**What you have to do**
Set the data down exactly as it stands, and keep its pictures out.

++++++++++++++++++++

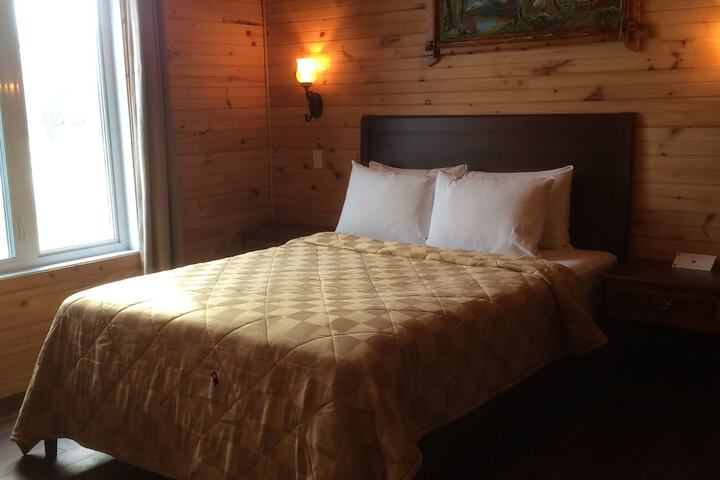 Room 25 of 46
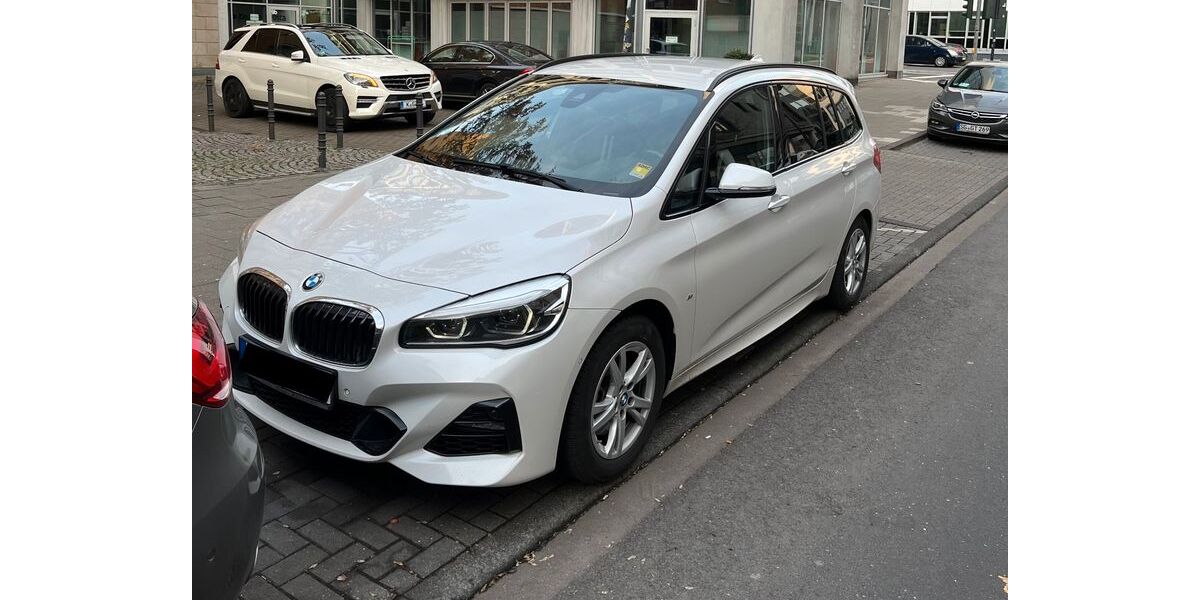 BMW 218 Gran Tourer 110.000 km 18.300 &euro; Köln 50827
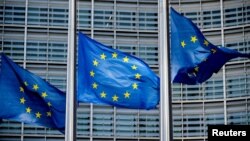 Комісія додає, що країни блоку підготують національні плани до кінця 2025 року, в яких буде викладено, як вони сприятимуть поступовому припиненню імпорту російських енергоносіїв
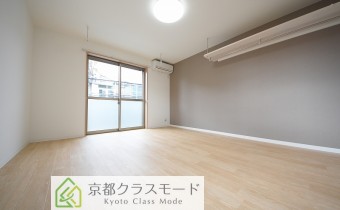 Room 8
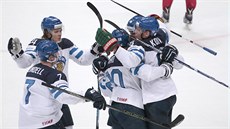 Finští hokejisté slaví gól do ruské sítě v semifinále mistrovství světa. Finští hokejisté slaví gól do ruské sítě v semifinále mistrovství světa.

++++++++++++++++++++

**Reply**
 Room 25 of 46
 BMW 218 Gran Tourer 110.000 km 18.300 &euro; Köln 50827
 Комісія додає, що країни блоку підготують національні плани до кінця 2025 року, в яких буде викладено, як вони сприятимуть поступовому припиненню імпорту російських енергоносіїв
 Room 8
 Finští hokejisté slaví gól do ruské sítě v semifinále mistrovství světa. Finští hokejisté slaví gól do ruské sítě v semifinále mistrovství světa.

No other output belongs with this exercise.